In light of the new understanding of the natural world that we have thanks to evolutionary science, Sollereder thus proposes that we update our narrative of human origins in the following way that has many points of affinity with Benedict’s approach:
[I]n place of a perfect couple in a pleasant garden, our nonhuman ancestors were engaged in a long struggle for survival. They moved sharply in response to pain, they were protective of their own and aggressive toward perceived threats…They had skill, strength, intelligence, even altruism, but not love. Love is a uniquely human attribute—or perhaps we should say it is a divine attribute, imparted to humanity—that transcends the evolutionary process and shapes us into hybrids of earthly and heavenly forms. Somewhere along the evolutionary process, nascent humanity acquired the ability to exercise a moral will over our innate desires, and with that came the capacity both to sin and to receive divine love and make it our own.
Building on this analysis, Sollereder sees the experience of suffering and death—indeed, even the tempestuous emotions that we inherited from our evolutionary ancestors—as “the raw ingredients of love, awaiting ‘divine alchemy’” (
Sollereder 2014, p. 22). This leads her to a conclusion that is very close to that which Benedict draws: “We therefore cannot object to God’s goodness when we see around us a world of violence. This is the means to produce love” (
Sollereder 2014, p. 23). This perspective just may allow us to see how evolutionary theory works not
against but
with the Christian understanding of divine goodness, as Sollereder explains well:
In light of evolution, the existence of violence and hatred in the world appears not as an insoluble theological riddle but the outcome of a long and necessary process that is still in development. The bitter raw products of evolution are slowly being brought to transcend evolution itself. We are, through the painful process of forgiveness, being transformed into the image and likeness of Christ.
Benedict’s successor writes along the same lines as he and Sollereder. Creating a world that unfolds through evolution, Pope Francis remarks that nature is such that “many of the things we think of as evils, dangers or sources of suffering, are in reality part of the pains of childbirth which he uses to draw us into the act of cooperation with the Creator” (
Francis 2015, para. 80).
Yet, as Ratzinger taught for decades, the reality of this dynamic we have been exploring is not something that can be proven in a deductive manner or whose truth would be evident to anyone who has not first lived it. For the emeritus pontiff, rather, the beauty of many things in life—from a work of art to a human person we encounter, to the experience of suffering, to the divine revelation of God himself—comes only through the laboratory of life by engaging in what he terms “the experiment of faith.” To adapt an image deployed by Benedict himself: While a Gothic cathedral’s stained-glass windows appear dark and dreary on the outside, seeing the same work form the inside reveals a resplendent beauty with the capacity to draw man upward toward the infinite—provided we are willing to enter into its domain.

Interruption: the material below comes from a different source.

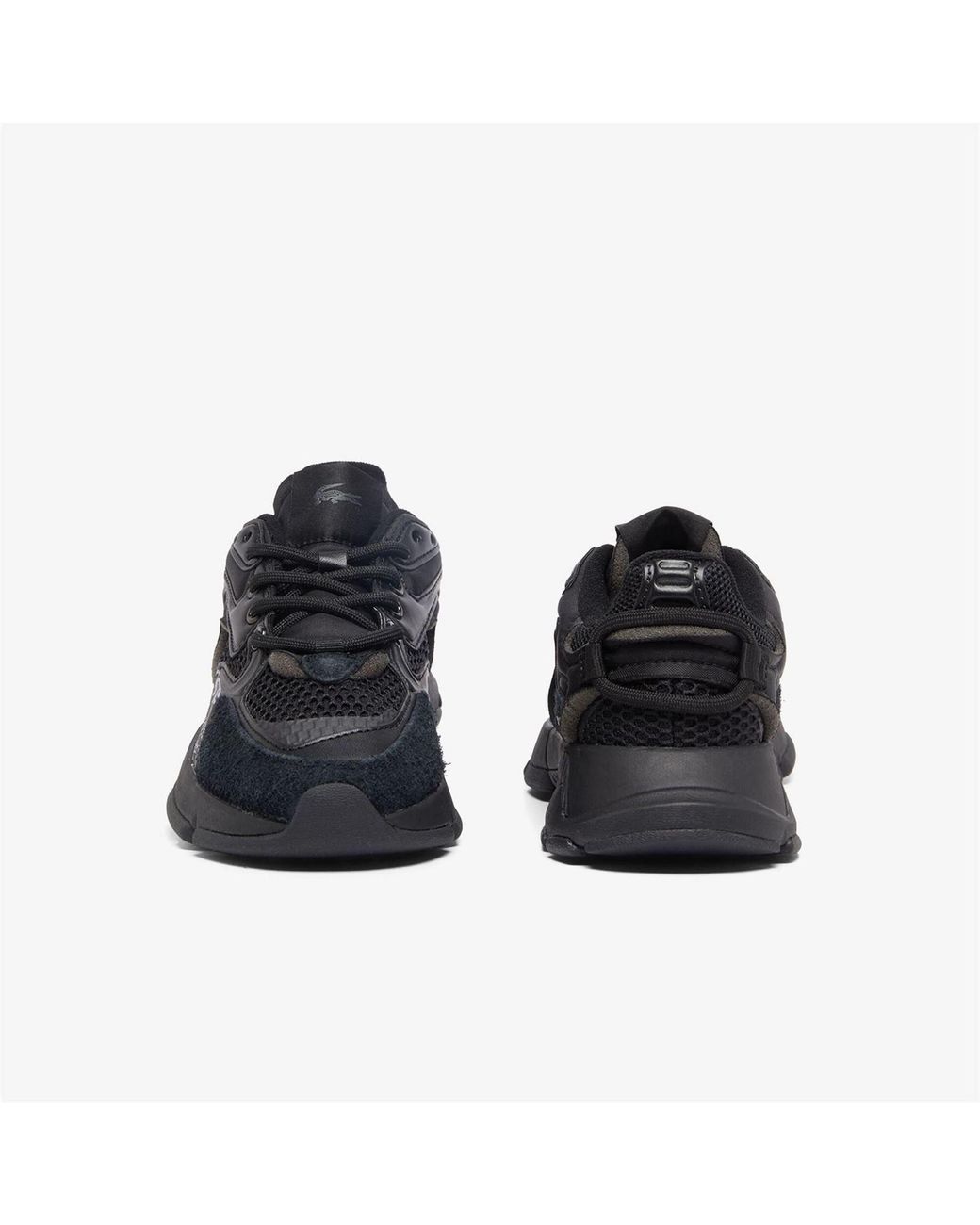 Lacoste Black Neo Trainers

Perhaps nowhere is this expressed more eloquently than in the following words of Ratzinger’s dear friend Hans Urs von Balthasar: “In order to experience its form, a person must become interior to the work, must enter into its spell and radiant space, must attain to the state in which alone the work becomes manifest in its being-in-itself” (
Von Balthasar 1983, p. 619). So, it is with the good world that God made. If we wish to experience the truth and beauty of God’s work in creation through redemptive suffering, we ourselves must “become interior” to it by aligning our entire being with its cruciform, paschal structure.
7. Sinless Yet Sorrowful: The Blessed Virgin and the Problem of How to Suffer Well
Having reflected on Benedict’s conviction regarding the reciprocity of love and suffering and the crucial role of the latter in our universe, we are in a position to catch a glimpse of how this cruciform existence might have been lived out in a sinless world. This exploration will further reveal that suffering is not contrary to God’s goodness but on the contrary is present in the world in order to reveal it by conforming us to the image of Christ.
As Christians know well, the cross of Christ reveals that virtuous suffering—and even death—can coexist with sinlessness. Jesus’s earthly life gives us the perfect picture of what suffering before the Fall would have looked like. While it still would not have been a desirable experience for its own sake, suffering nevertheless would have been the occasion for a synergy of wills in which man handed himself over to God, saying, “Not my will, but thine be done!” (Lk 22:42).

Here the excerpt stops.